### [About this task]
Please transcribe the data below in full, word for word, without the images.

### [The data]
== Segment start ==
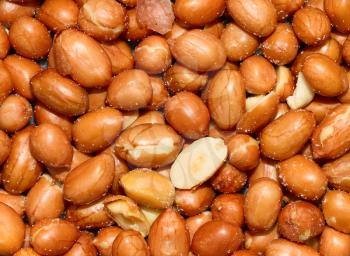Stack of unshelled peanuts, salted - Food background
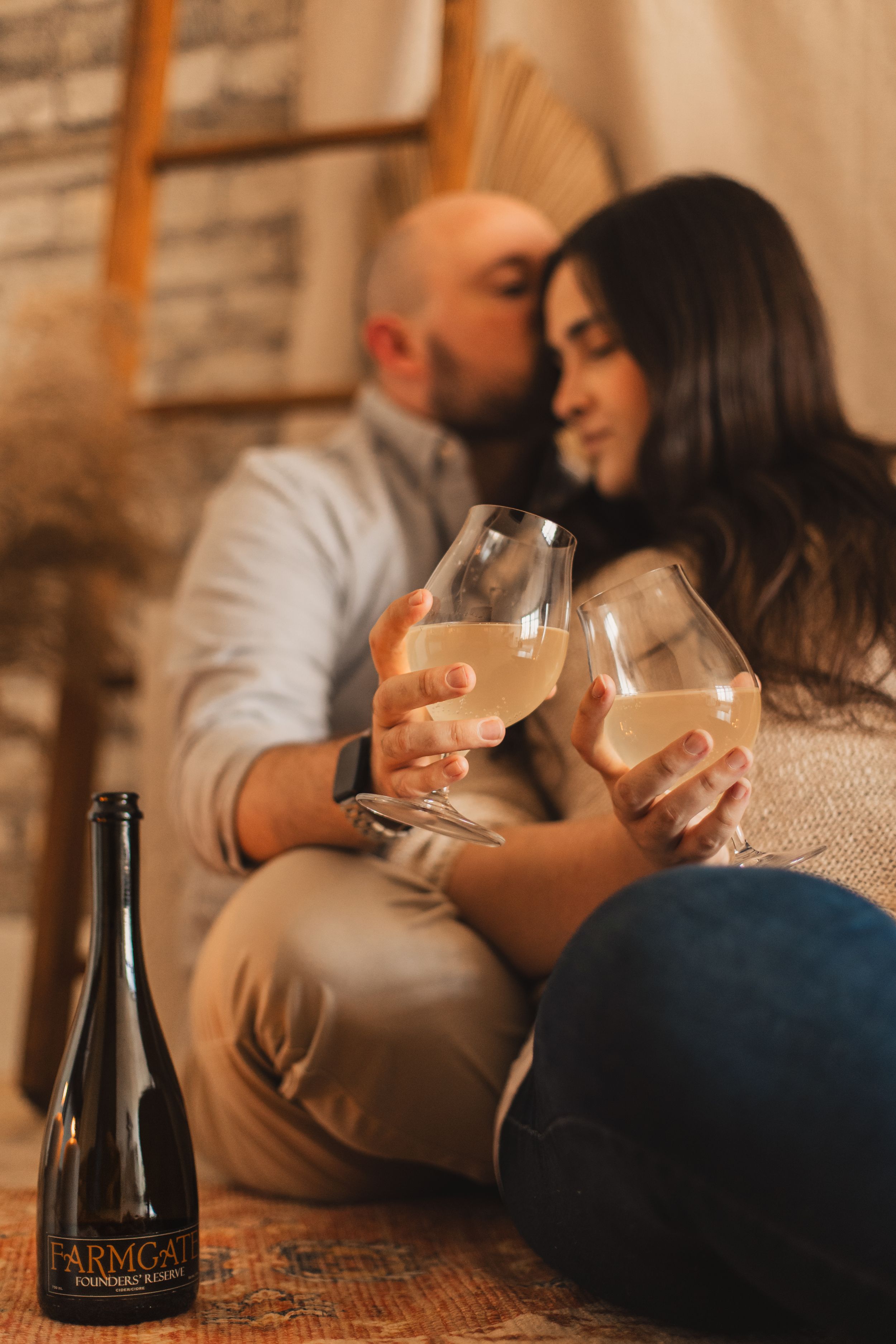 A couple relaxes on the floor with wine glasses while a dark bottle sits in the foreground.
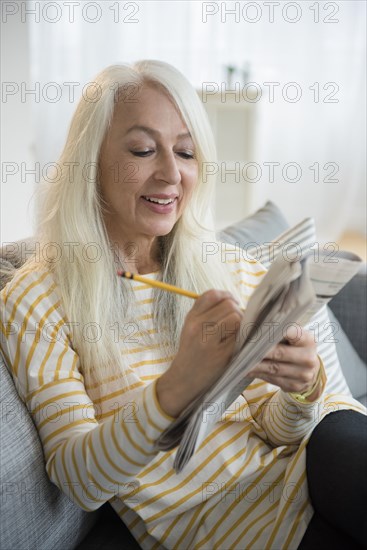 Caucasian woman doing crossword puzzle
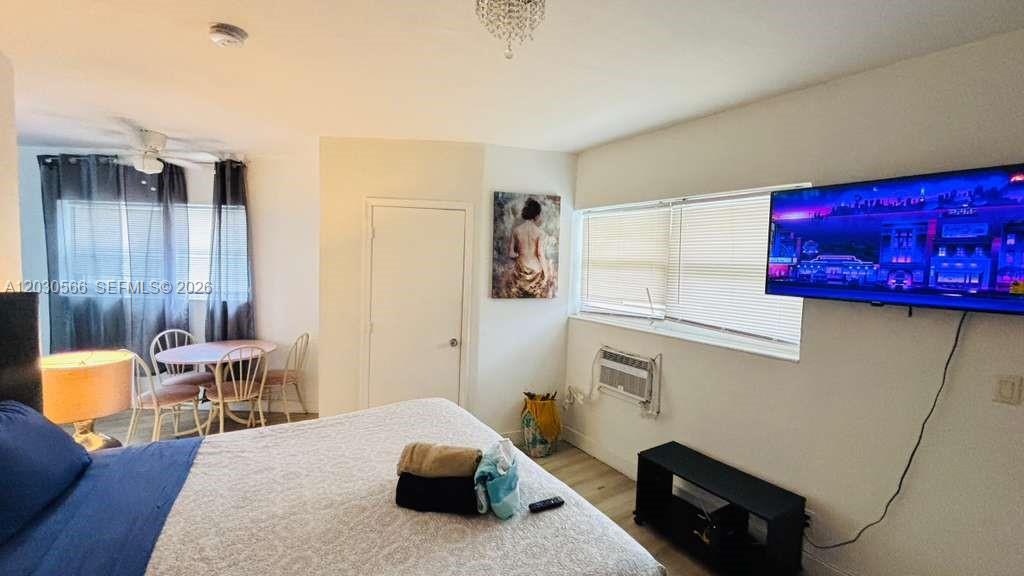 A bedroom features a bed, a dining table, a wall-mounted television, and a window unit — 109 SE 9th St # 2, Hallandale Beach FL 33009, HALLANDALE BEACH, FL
== Segment end ==
### [Response area]
Stack of unshelled peanuts, salted - Food background
 A couple relaxes on the floor with wine glasses while a dark bottle sits in the foreground.
 Caucasian woman doing crossword puzzle
 A bedroom features a bed, a dining table, a wall-mounted television, and a window unit — 109 SE 9th St # 2, Hallandale Beach FL 33009, HALLANDALE BEACH, FL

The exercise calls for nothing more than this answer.